What you are asked to do: Images embedded in the records are excluded; print everything else exactly as given.

++++

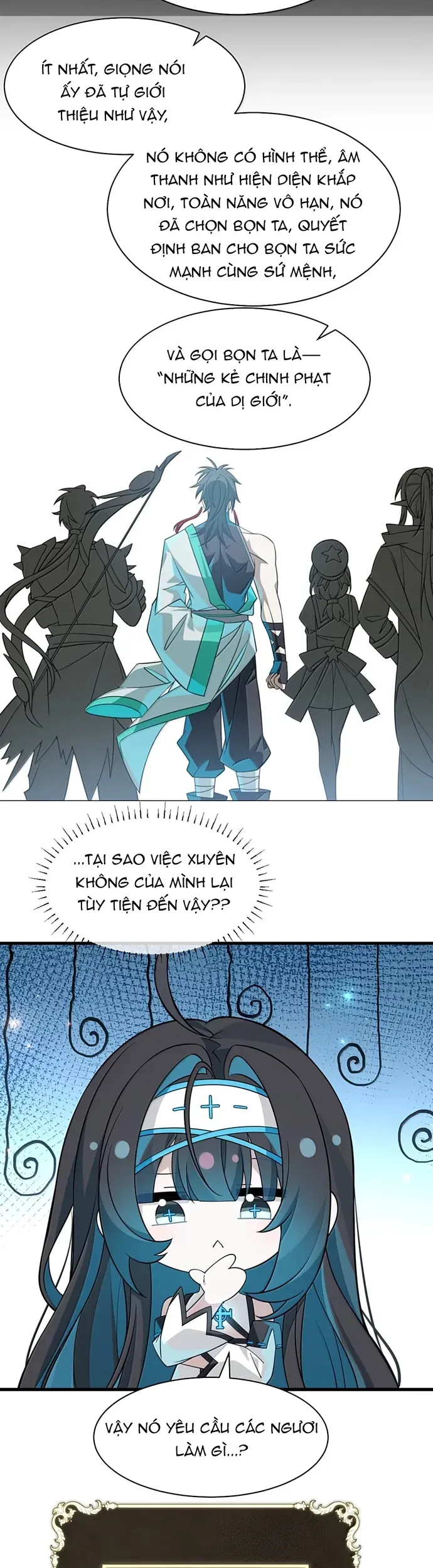 Xuyên Không Mãn Cấp Như Tôi Tại Sao Lại Là Quý Cô Mục Sư Chứ Chap 71 - Next Chap 72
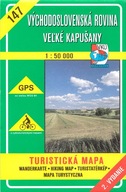 Vychodoslovenska rovina. Velke Kapusany, 1:50 000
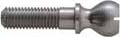 Top jaw screw, slotted, 1.3", 1/4-28 thread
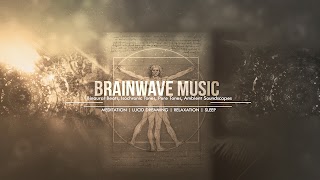 Заставка Ютуб-канала «Brainwave Music»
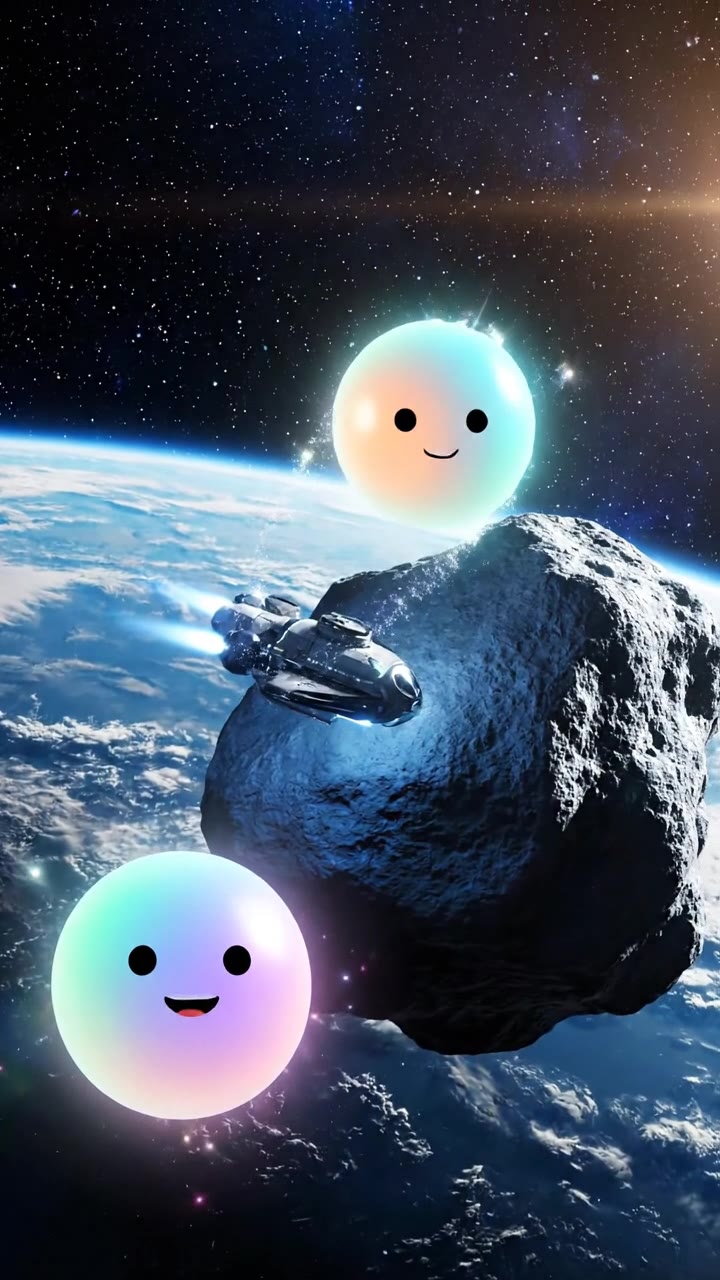 Gravity Tractor Pull for Asteroid Deflection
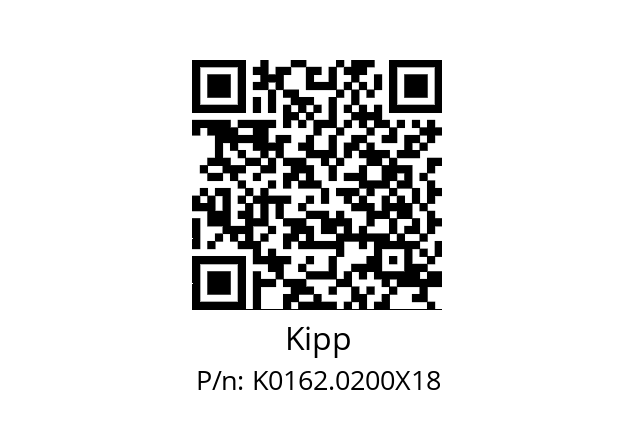   Kipp K0162.0200X18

++++

Completed task:
 Xuyên Không Mãn Cấp Như Tôi Tại Sao Lại Là Quý Cô Mục Sư Chứ Chap 71 - Next Chap 72
 Vychodoslovenska rovina. Velke Kapusany, 1:50 000
 Top jaw screw, slotted, 1.3", 1/4-28 thread
 Заставка Ютуб-канала «Brainwave Music»
 Gravity Tractor Pull for Asteroid Deflection
   Kipp K0162.0200X18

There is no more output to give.